Doch nun zurück zur eigentlichen Handlung. In das Schloß Nosferatus wagt sich im Auftrag eines Häusermaklers aus Wisborg (Wismar) der junge Ehemann Hutter (Jonathan), um dem Grafen ein Haus in dem deutschen Städtchen zu verkaufen. Als der Vampir in einem Medaillon ein Bild von Hutters attraktiver Frau Ellen (Lucy) sieht, wil­ligt er in den Kauf ein und begibt sich mit Särgen voller Ratten auf den Seeweg nach Wisborg (Wismar). Während der Fahrt stirbt die gesamte Besatzung an der Pest. Das Geisterschiff landet in Wisborg (Wismar), Nosferatu und seine Ratten verbreiten dort die Seuche. Der nachgeeilte Hutter (Harker) kommt zu spät. Die fast ausgestorbene Stadt kann nur gerettet werden, wenn eine Frau „reinen Herzens“ in einem Akt der Selbstauf­opferung eine Nacht mit dem Untoten verbringt und diesen bis zum Sonnenaufgang „hinhält“. Dann muß der Vampir sterben - das Opfer aber auch. Ellen (Lucy) wagt die­sen, für beide Betroffenen tödlichen Schritt. So endet das Original von Murnau. Herzog veränderte den Schluß des Filmes, um ihm somit eine bedrohlichere Nuance zu geben: Jonathan Harker, von Dracula auf dessen Schloß ebenfalls angefallen, wird nach dessen Tod zum neuen Vampir.

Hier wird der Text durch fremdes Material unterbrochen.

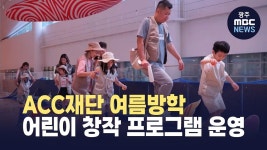 ACC재단 여름방학 어린이 창작 프로그램 운영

Nach dieser kurzen Einführung in den Inhalt des Werkes, folgt nun die eigentliche Ana­lyse des Stummfilmklassikers.

2. Die Analyse von „Nosferatu - Eine Symphonie des Grauens“

Der Stummfilm ist eine filmische Ausdrucksform im rein Optischen im Unterschied zum Tonfilm. Er ist letzterem künstlerisch gleichrangig, erfordert aber andere Darstellungs­mittel. Wichtige Textpassagen werden auf sogenannten Texttafeln, ähnlich den heutigen Untertiteln, abgebildet um dem Zuschauer das notwendige Hintergrundwissen zu ver­mitteln, welches er durch die visuellen Darstellungen möglicherweise nur lückenhaft er­hält.

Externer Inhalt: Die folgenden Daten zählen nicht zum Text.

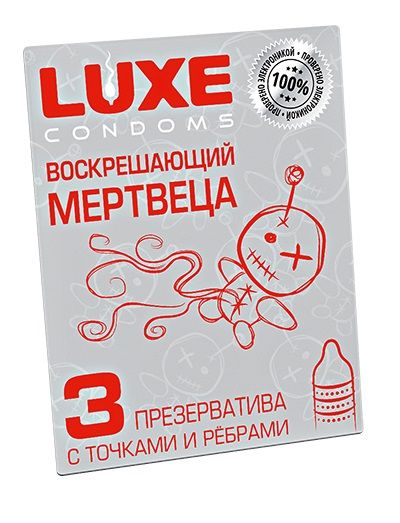 Текстурированные презервативы  Воскрешающий мертвеца  - 3 шт. - Luxe - купить с доставкой в Новошахтинске
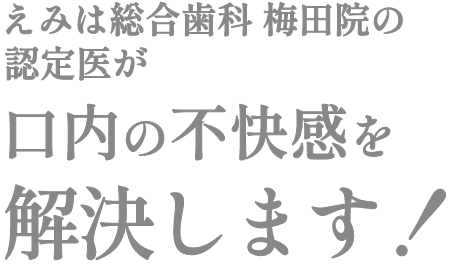 えみは総合歯科 大阪梅田院の認定医が口内の不快感を解決します！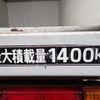 nissan atlas 2015 GOO_NET_EXCHANGE_0720255A30250603W002 image 37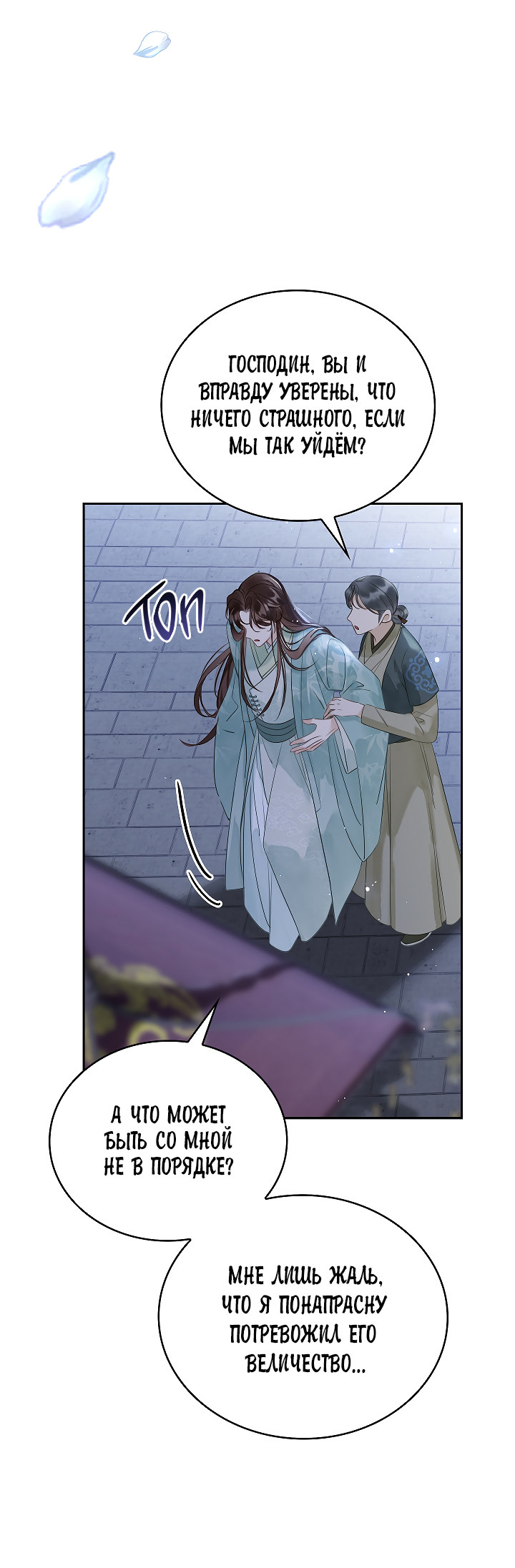 Манга Как я стал ненавистным наложником императора - Глава 4 Страница 60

„Nosferatu - Eine Symphonie des Grauens“ beginnt wie im Theater mit dem I. Akt, denn in der ersten Szene wird eine grünlich gefärbte Texttafel, mit dem Titel „I. Akt - Auf­zeichnung über das große Sterben in Wisborg“, eingeblendet. Die verschnörkelte Schrift vermittelt dem Zuschauer das Gefühl, Einblicke in ein „wichtiges Dokument“ zu erhalten. Die drei großen Kreuze auf dem Schriftstück unterstreichen die Tatsache, daß es sich bei dem vorliegenden Stück nicht um eine Komödie handelt.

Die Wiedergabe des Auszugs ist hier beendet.